Hey, do any of you remember that time when I used to blog???

Oops—I did it again.  I took an unplanned leave of absence from blogging.  I guess it was a blog-cation.  I’ve just been a bit busy and at night it was just too tempting to zone out and watch episodes of Nip Tuck at night.  But after tomorrow, I am on summer vacation, and I plan to do some catching up and more cooking!

Whole30 Update: I finished! 

The

I actually finished my 30 days on May 28.  It felt so great to get to the end and know that I made it through!  Lots of things happened over my 30 days:

  • I started sleeping better than I can remember in many years.  Every. Single.

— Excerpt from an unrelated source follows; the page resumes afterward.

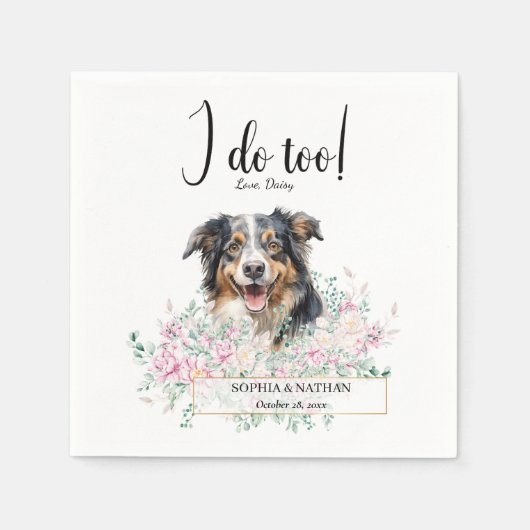 Serviette En Papier Australian Shepherd Chien Mariage Cocktail Serviet (Devant)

Night.
  • I quit taking my joint supplement before I started and haven’t resumed it since!  Woo Hoo!  I also will tell you that I used to take Advil before I taught my Zumba classes and I have quit doing that completely.  And I feel great afterwards.  Before the Whole30, if I taught on consecutive days, it was really hard on my body.  However, last week, I taught for 4 consecutive days and still felt great!  This is probably one of the best benefits!
  • I lost about 8 pounds.  This was also awesome.  I was even able to get into the next (lower) weight “decade.”
  • I lost 3 inches from my chest, waist, and hips.  I didn’t measure arms and legs at the beginning, but I should have.
  • I ate new veggies I never tried before or tried them in a new way: artichokes (loved!), jicama (didn’t love), mashed cauliflower (yum! Just about as delish as mashed potatoes)zucchini and squash “noodles” (loved the zucchini, didn’t love the squash as noodles), grilled zucchini, plantain chips, dried okra, and more.
  • I fell in love with Kombucha.  I still don’t totally understand WHAT it is… (fermented tea?) but I love it. 
  • I learned that I can live without bread and all those bread-like things.  (Waffles, English Muffins, bagels, etc.)  It was hard at first to give them up, but I have found that eliminating grains has helped me to eat more healthy foods and not feel bloated and disgusting after a meal. 
  • I (mostly) gave up snacking!  I was a huge snacker before, especially at night.  But on Whole30, I really didn’t feel the need to snack.  This also was a huge difference.

These are just some of the top things I noticed over my 30 days.  In fact, I have mostly stuck with the Paleo way of eating.  With the exception of a few bowls of fro-yo (can’t help it—I love the original tart!) and a glass of wine last night and a cookie at my sister’s house… I have mainly stuck with it.  I plan to continue eating mostly Paleo.  After the great results I got, why wouldn’t I?

Also—I will post a before and after photo.  I will try to have that up ASAP!

So now… I want to share some of my meals with you so that you can see for yourself what a day of Whole30 eating looks like.  You’ll see when you start looking at my meals that these were just healthy, delicious meals.  Feel free to ask any questions through comments on this post, because I know some of you have been curious about the program.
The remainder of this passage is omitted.